紫檀材はもともとインドネシア産で、王朝時代(清代以前)には貴族が用いる家具に使われる高級材でした。海南花梨は宮廷で使われ、紫檀は貴族が使う木材だったと言われています。東南アジアにおいても中国と同様、紫檀材が貴族の家具として使われてきた経緯があり、その家具を解体して楽器に使うことがあるのですが、この古い紫檀を「老紅木」と呼び「明清料」などとも記載されているものがあります。
比較的新しい木材であっても良材は老紅木と呼んでいます。古い材というのは製材されてからの年数とも言えるので時間はそれほど重視されていない傾向です。比較的安価な材は単に「紅木」と呼んでいます。紅木のほとんどは黄花梨以外の花梨材、特に紅花梨を指していますが「中国紅木国家標準」として定められている分類ではこれは「紫檀」です。楽器として驚くほど良いものもあります。安価ですが価格は供給量が多ければ下がるので、楽器として劣るわけでは有りません。しかし価格が下がると選別などはしてもらえません。紅花梨は良い材だと思うのですが、よく探せばかなり良いものが見つかることもあります。黄花梨は降香黄壇(香枝)が本名で花梨に属さず老紅木に分類されます。香枝木以外では酸枝木と言われるものも老紅木でこれは広東省では紫檀とも言われます。それを東南アジアでも紫檀と言っていたのだとすれば、明清料もやはり老紅木なのでしょう。黄壇属、紫檀属どちらにも属す材料はあります。ここに挙げたすべての材はマメ科に属しますのである程度の近似性はあります。

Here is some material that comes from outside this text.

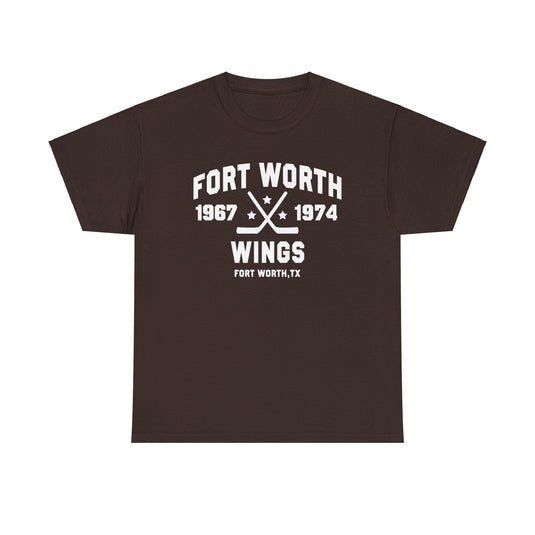 Fort Worth Wings Texas Central Hockey League 1967-1974 T-shirt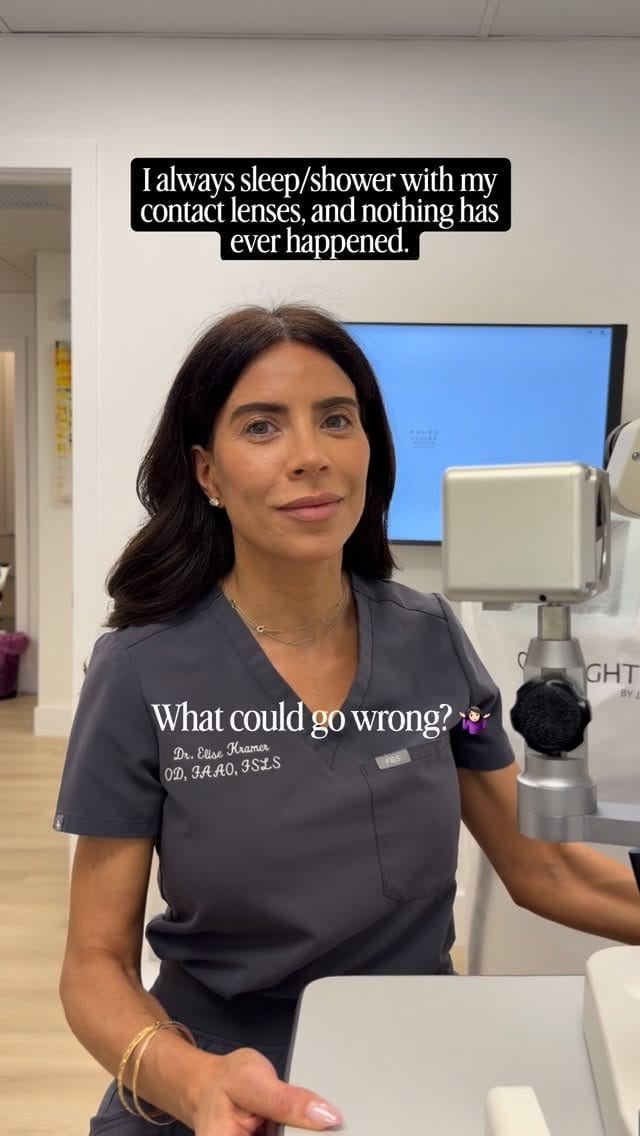 Post 9 by Dr. Elise Kramer, OD on Instagram (video)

二胡で使われる現在の紫檀材の供給先の1つはインド産で、小葉紫檀についてはインド政府が厳重に管理しています。アフリカ・マダガスカルにも紫檀材があり、これは出てきた当初2008年頃は高価でしたが後に人気がなくなり、現在では価格が下がっています。初期のアフリカ紫檀は牛毛紋がかなり出る非常に良い材でした。しかしこれが短期間で枯渇し、その後出てきたアフリカ紫檀は全く別のものに変わってしまいました。マダガスカル政府は自国は紫檀を産出しないとして通知していますが、上述の通り分類法は様々で中国では「紫檀」として出回らせています。これは実際には花梨らしいのですが、アジアの花梨とは異なるように思います。
黒檀は柿科に属し中国では烏木と言いますが、現代ではほとんど制作されていません。黒い材料を黒檀とか烏木として出回らせていて植物学的には違うものですが楽器としては良いものも結構あります。この種の現代の黒檀は紫檀に近い個性があるように思います。本黒檀は紫檀とは随分味が違います。
日本の三味線や胡弓の場合は、現行の最高材は紅木です。次に紫檀、そして花梨です。中国の場合も三弦や琵琶はこれと同じです。
現行二胡材の分類は以下の通りです。
雑木以外は、全部総称して「紅木」と言うこともあります。どの材を使っているかより、どんな質かの方が重要です。紅木は質によって価格が大きく違います。良いものはなかなか手に入りません。
変わったものでは景徳鎮の二胡というものもあり演奏可能です。風呂の中で演奏しているような感じの音で、飾りか余興の小道具と思ったのですが、決してそんなこともないようで、きちんと演奏家用に作れば普通の音が出るようです。
特定の地域の特定の木を数年で刈る計画であれば、その木には名前がなかったりします(学術的にはラテン語の名がありますが)。広範囲に相当な数があるにも関わらずです。それは計画植林であったりもします。そういう例は二胡材としては黒檀二胡に多いです。数年周期で材が変わるのはそのためで、材を見たらいつ頃の二胡か分かるぐらいです。